By Sean McDonough, PhD
Associate Professor of New Testament

A large woman, couchbound for years, walks upstairs to the utter amazement of her family. A shy young man begins courting an inflatable doll named Bianca, and is affirmed in his relationship by a small town. A not-traditionally-beautiful little girl goes off to a beauty pageant accompanied by her bickering parents, her silent brother, her gay suicidal uncle, and her drug-abusing, foul-mouthed grandfather.

Film-goers may recognize the above as representative snippets from three films: respectively, Lasse Hallström’s What’s Eating Gilbert Grape? (1993); Craig Gillespie’s Lars and the Real Girl (1997); and Jonathan Dayton’s Little Miss Sunshine (2006). The cynical among us might look at the list (and indeed the films in their entirety) and think, “Fun family entertainment, Hollywood style.”

At one level, the critique would hold. The families in these films (if we can count Lars and Bianca as a ‘family’) put the dys- in dysfunctional, and none of them constitute “family fare” in the traditional sense of the word. A few moments around the dinner table with Alan Arkin’s ‘colorful’ grandpa in Little Miss Sunshine would give the proverbial drunken sailor pause, while even the generally sweet-tempered Lars and the Real Girl centers on a man and, um, an inflatable doll. Anyone thinking to gather the young kids around for Edifying Video Night with one of these films should un-think it pretty quickly.

We could go on and level a salient cultural critique as to why these films roll the way they do. They could be seen as the quintessential products of the postmodern ethos, where traditional values are there only to be shredded, and alternative life-style choices – whether it is affairs with married women (or unmarried dolls); septuagenarian heroin ingestion; or illicit water tower climbing (one of the many memorable scenes with a young Leonardo DiCaprio in Gilbert Grape) -- are there to be tolerated, if not indeed celebrated.
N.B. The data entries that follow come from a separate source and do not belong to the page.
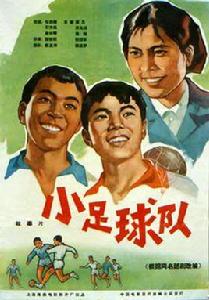 小足球隊 小足球隊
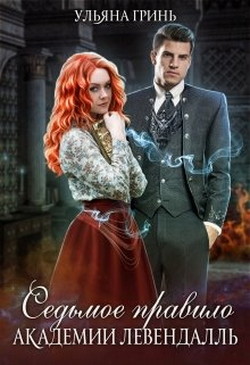 Книга Седьмое правило академии Левендалль (СИ)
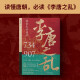 2 Chinesische Geschichte, die Sie zum Lesen süchtig machen: Die Änderungen der beiden Songs + Die Rebellion der Li Tang -Dynastie (berühmte Gemälde aus den Tang- und Song -Dynastien + Die Linienliste des Kaisers + die farbigen Seiten der historischen Ereignisse + doppelte Versiegelungskollektionen) Die chinesische Geschichte ist super gut. Interessanterweise, die chinesische Geschichte lesen, fasziniert vom Lesen, verstehen Sie die Wahrheit hinter dem poetischen Gefühl der Tang -Dynastie 1387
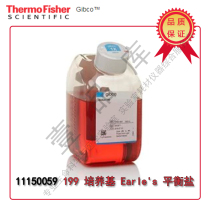 11150059 Thermo Fisher Scientific Gibco 199 medium Earles Equilibration Salt 500 mL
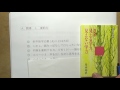 家庭でできる日本一簡単でお金のかからない英才教育法をめざす　◎籐塾　遅咲き大器晩成型　英才教育法  of  小学校時代　for  大学受験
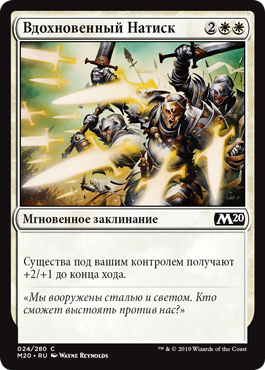 Вдохновенный Натиск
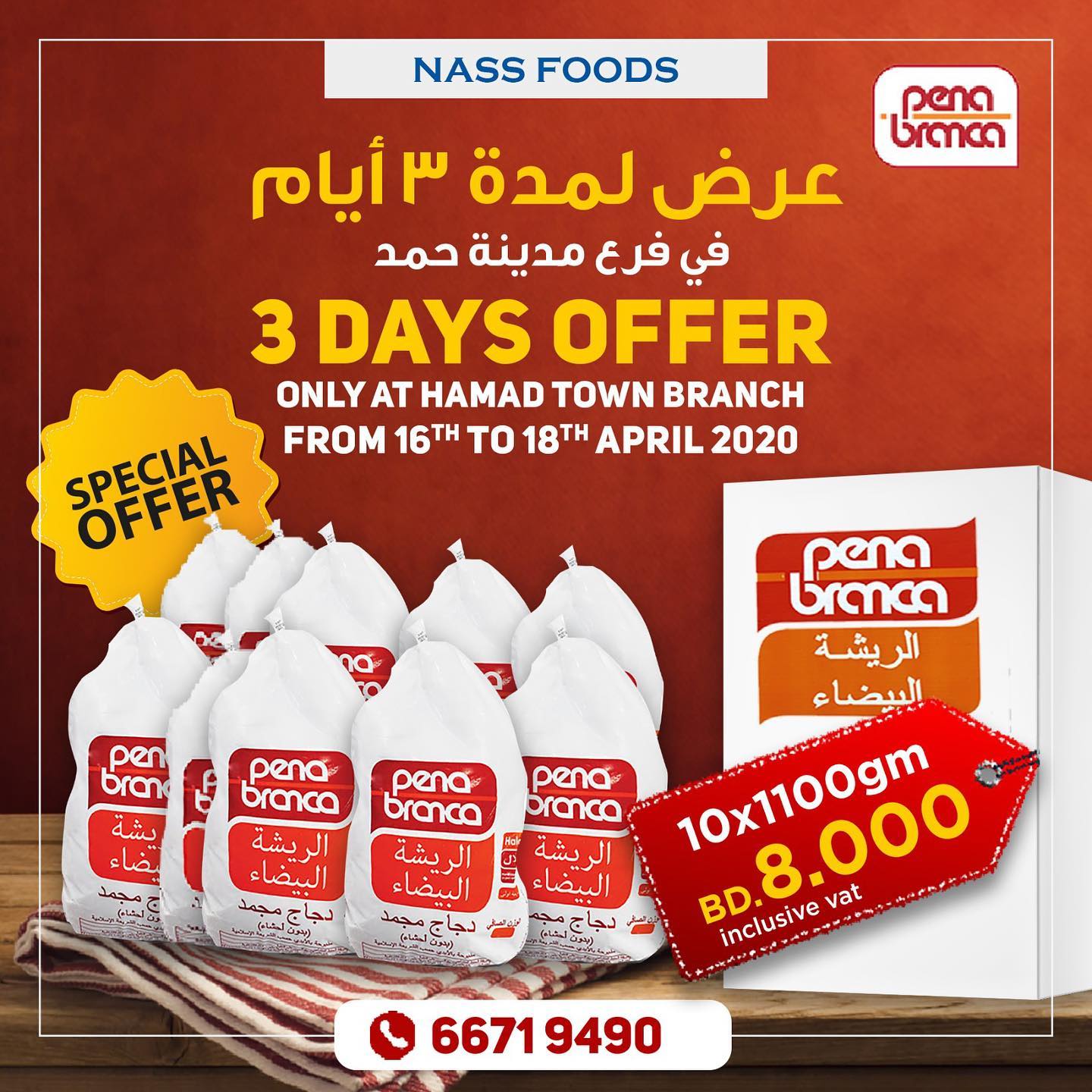 Nass Foods Bahrain تخطط لعشاء كبير لعطلة نهاية الأسبوع استفد من العرض الخاص على دجاج الريشة البيضاء في فروع ناس للأغذية Planning A Big Dinner For The Weekend Benefit From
They could also be seen as a perhaps welcome salination of the sickly sweet family films of a bygone era: here comes Lassie to drag Timmy out of the neighbors’ cobra pit. Mom had told him a hundred times not to go in that thing, but we know he’ll learn his lesson and they will all live happily ever after. (“Gee, Mom, you’re swell! And you too, Lassie!” “Ruff!”)

And yet…I found myself moved by all these films, and wondered what it was that touched me. They are all well directed and well acted, but that only provides a lowest common denominator for enjoyment. What distinguishes them is that, for all their visible dysfunction and edgy behavior, they really are sweet at heart. The characters may find themselves lost in a jungle of pathology, but they eventually hack their way through the brush to find one another, and with that to find some kind of peace amidst the chaos of life.

The fact that they find it in the worst possible circumstances of ordinary life makes the grace of re-discovering one’s family all the more profound. In Gilbert Grape, a dropped birthday cake can rip your heart out, but the mother’s trudge to the second floor becomes a kind of ascent of Jacob’s ladder. Try to keep a dry eye as kindly Karin berates Lars for not recognizing what they are doing for him, “Every person in this town bends over backward to make Bianca feel at home. Why do you think she has so many places to go and so much to do? Huh? Huh? Because of you! Because - all these people - love you!” As for Little Miss Sunshine, all I can say is that you may never think about Rick James’ Superfreak the same way again.

I may be wrong about the merits of these films. But it is not because there is something strange about the idea of love appearing in the strangest of places, or of something – or Someone – pulling people together when everything seems to be pulling them apart. Whatever the filmmakers’ motives may have been, the films can function for us as parables of the divine seed of the gospel that flourishes in the most unlikely soil.